§ **Aim of the task**: Restate the entries below in full, exactly as they read, but without pictures.
■ ■ ■
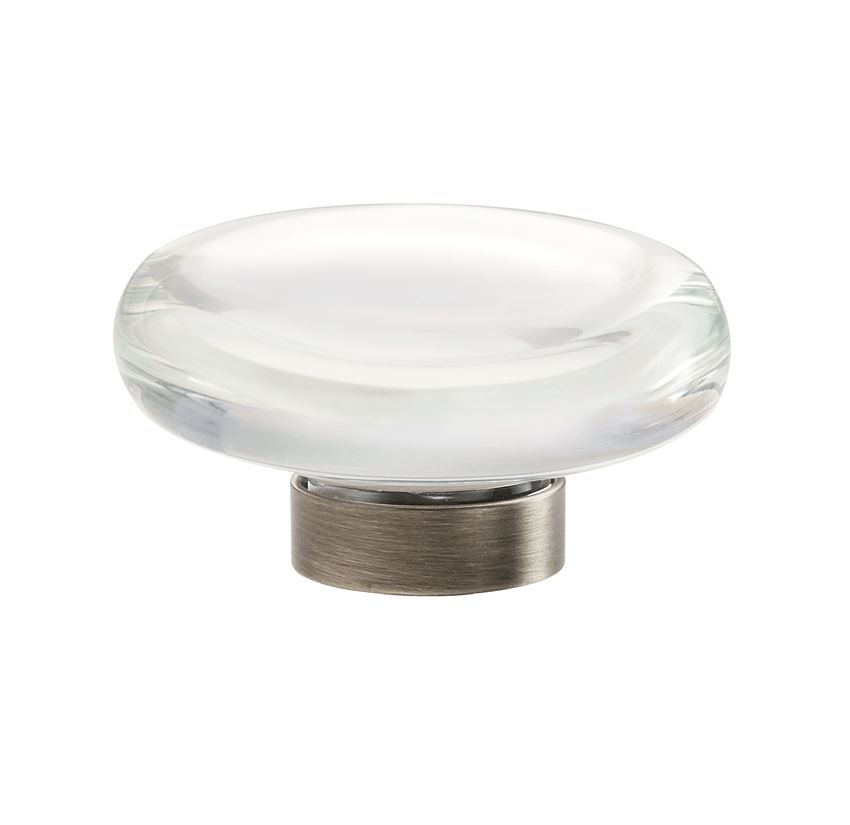 Glacio Round Knob, 1-3/4 in (44 mm), Clear / Gunmetal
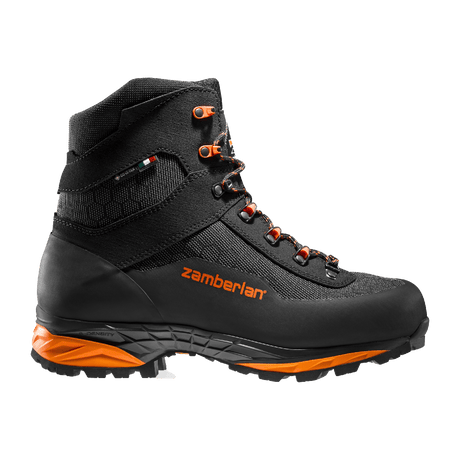Zamberlan 3034 Seiland GTX RR men's hiking boot in black and orange, outer side profile with orange Zamberlan logo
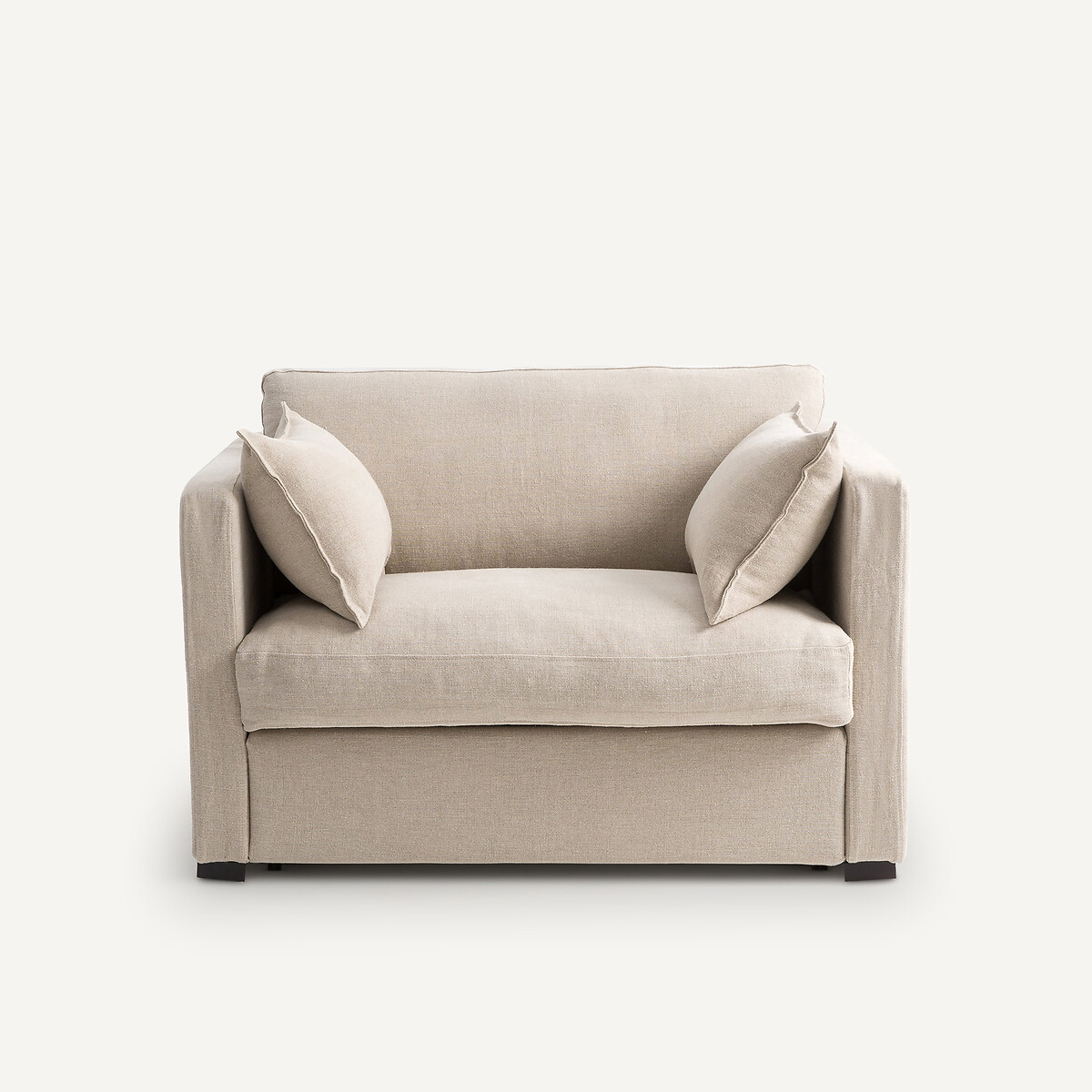 Canapé 2 places, convertible, en lin épais stonewashed, NEO KINKAJOU naturel, AM.PM
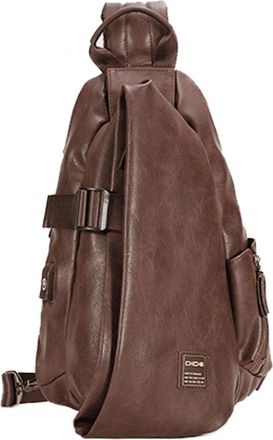 Generic Men s Chest Crossbody Bag Leather Sling with USB Charging Port Multi-pocket Waterproof Hiking Travel Daypack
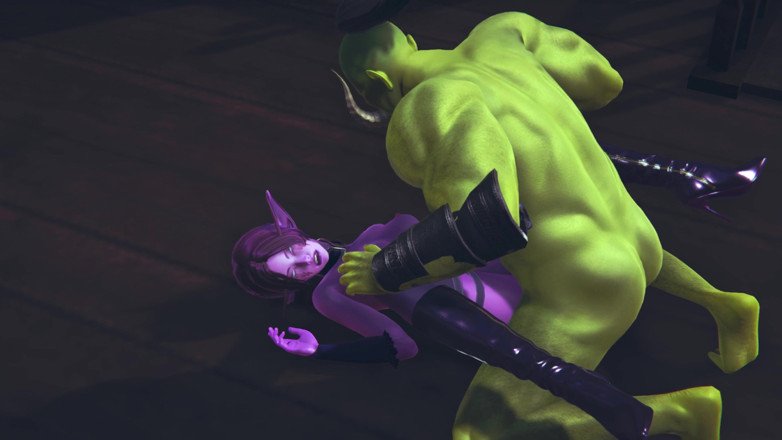 Waifu club 3D: Elf riceve una sborrata in figa da un grande orc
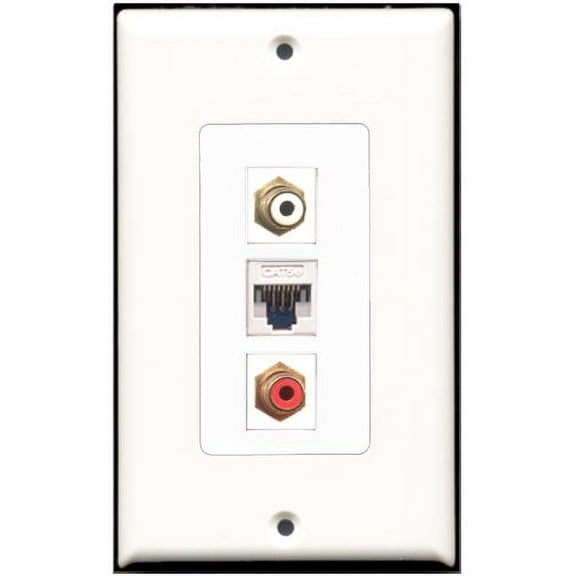 RiteAV - 1 Port RCA Red 1 RCA White 1 Cat5e Ethernet White Wall Plate Decorative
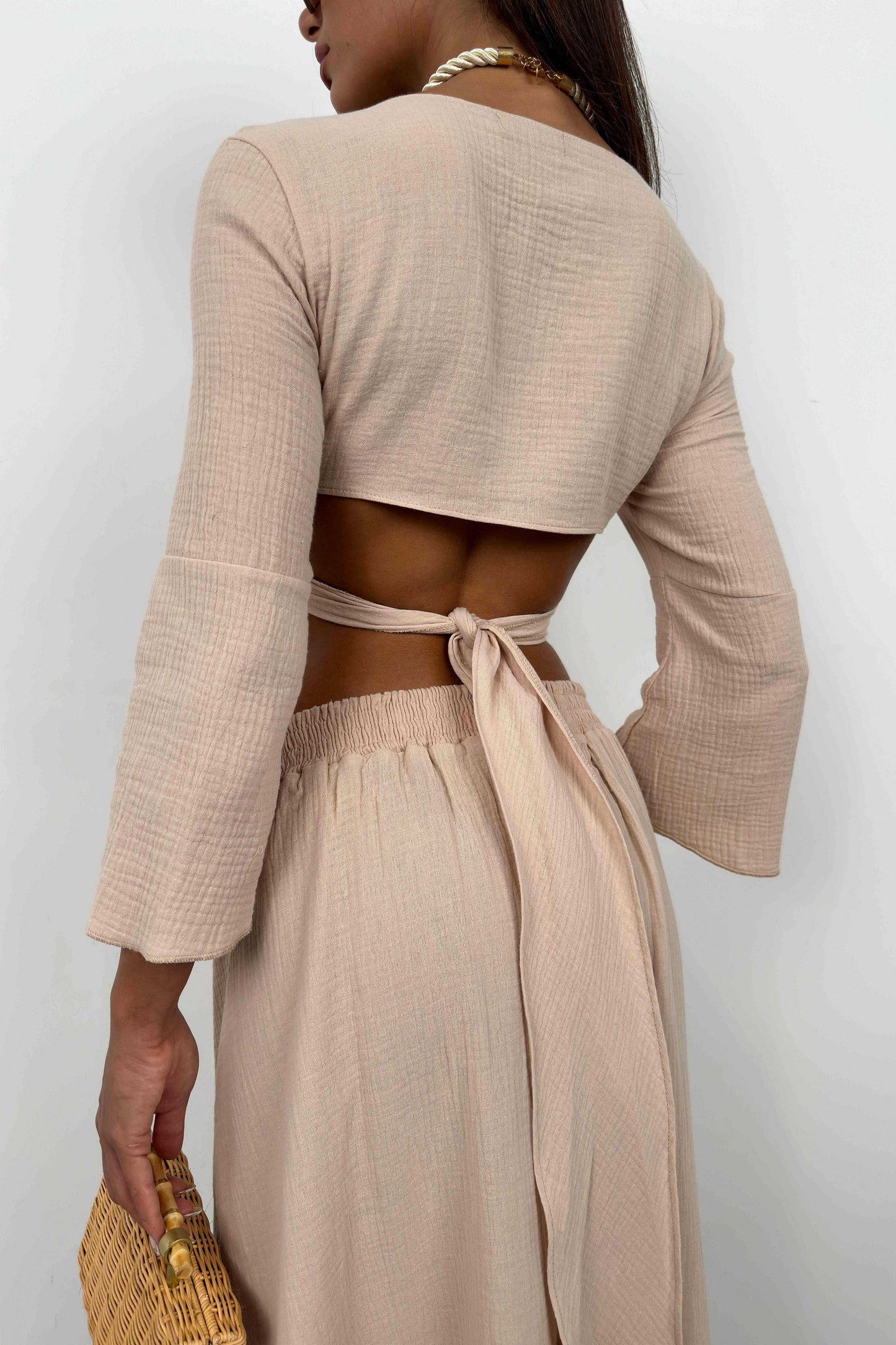 Lace-Up Slit Beige Skirt Set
■ ■ ■
§ **Your response**:
 Glacio Round Knob, 1-3/4 in (44 mm), Clear / Gunmetal
Zamberlan 3034 Seiland GTX RR men's hiking boot in black and orange, outer side profile with orange Zamberlan logo
 Canapé 2 places, convertible, en lin épais stonewashed, NEO KINKAJOU naturel, AM.PM
 Generic Men s Chest Crossbody Bag Leather Sling with USB Charging Port Multi-pocket Waterproof Hiking Travel Daypack
 Waifu club 3D: Elf riceve una sborrata in figa da un grande orc
 RiteAV - 1 Port RCA Red 1 RCA White 1 Cat5e Ethernet White Wall Plate Decorative
 Lace-Up Slit Beige Skirt Set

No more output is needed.